Retype the data below exactly; skip every image.

● **Stored data**:
---
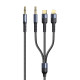 USAMS καλώδιο ήχου 3.5mm σε Lightning/USB-C/3.5mm US-SJ556, 1.2m, μαύρο
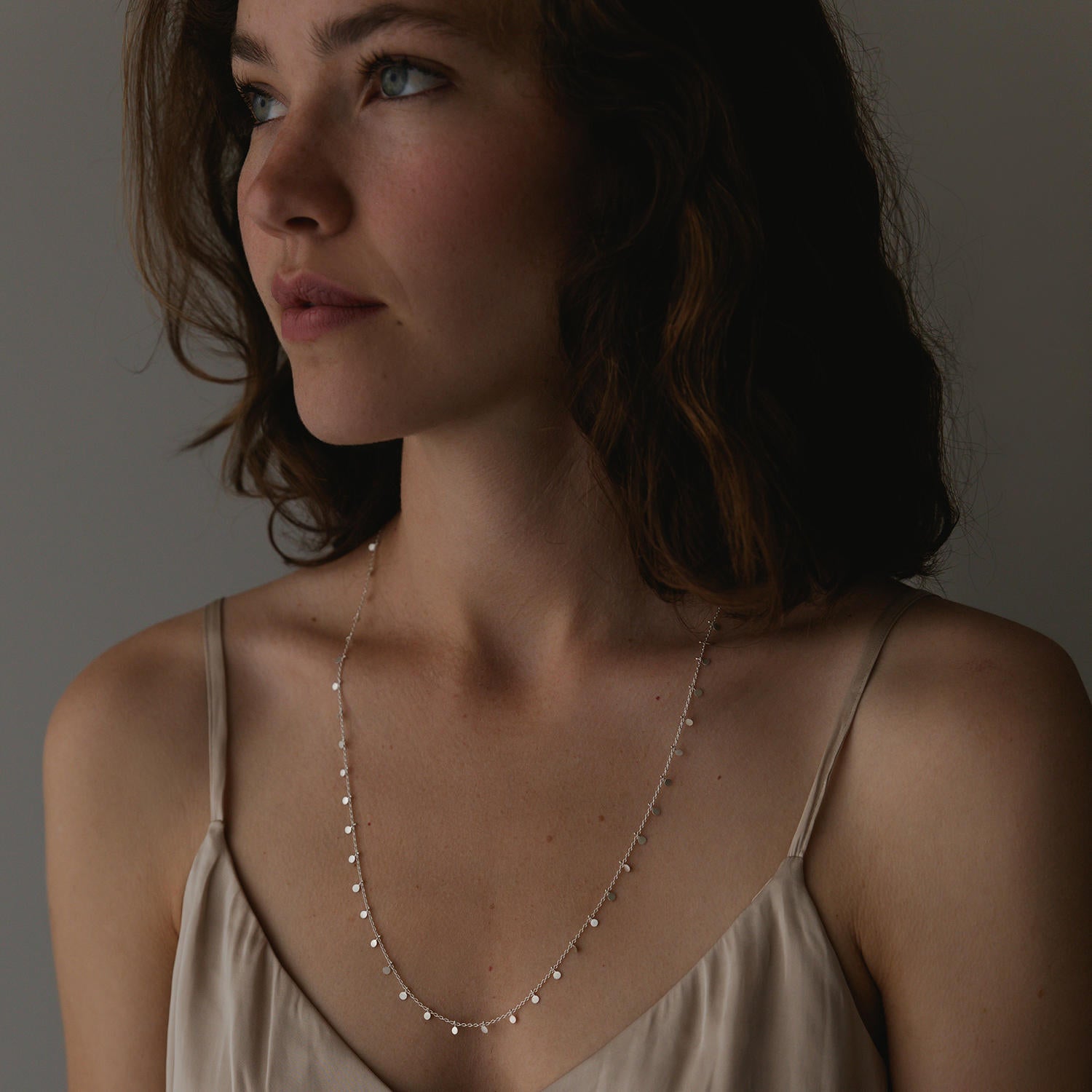 Sia Taylor Silver Long Dot Necklace-Sia Taylor-Thistle Hill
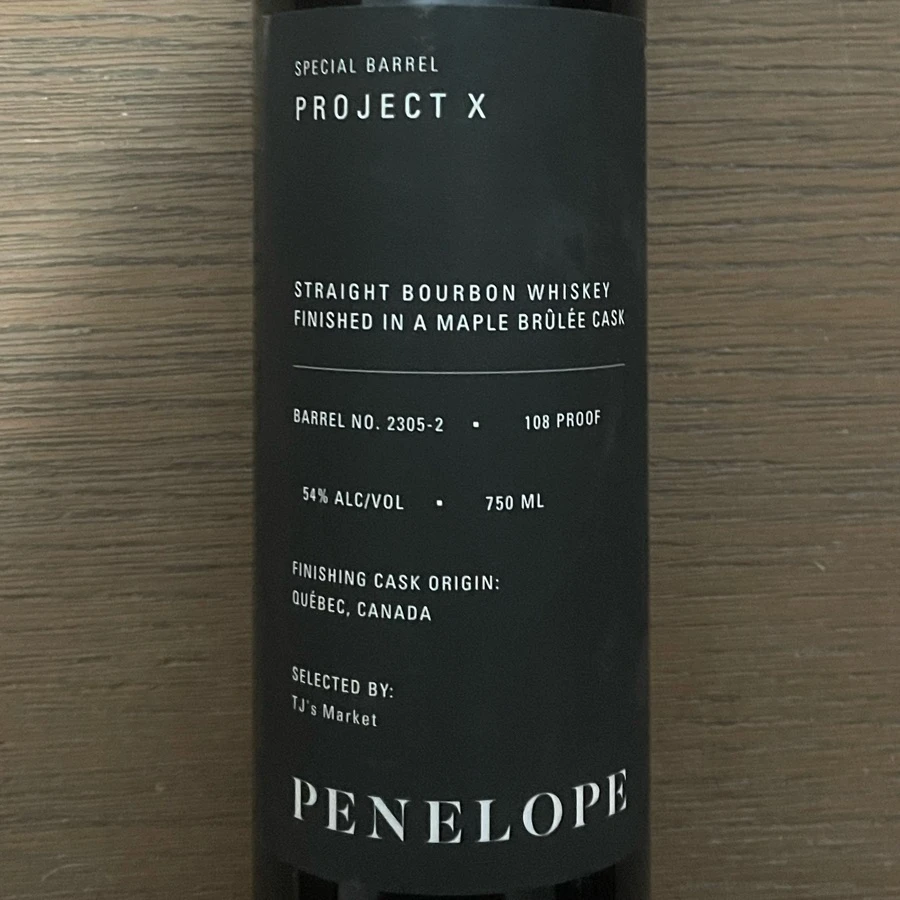 Penelope Project X Straight Bourbon Whiskey Finished In A Maple Brulee Cask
---
● **Exercise response**:
 USAMS καλώδιο ήχου 3.5mm σε Lightning/USB-C/3.5mm US-SJ556, 1.2m, μαύρο
 Sia Taylor Silver Long Dot Necklace-Sia Taylor-Thistle Hill
 Penelope Project X Straight Bourbon Whiskey Finished In A Maple Brulee Cask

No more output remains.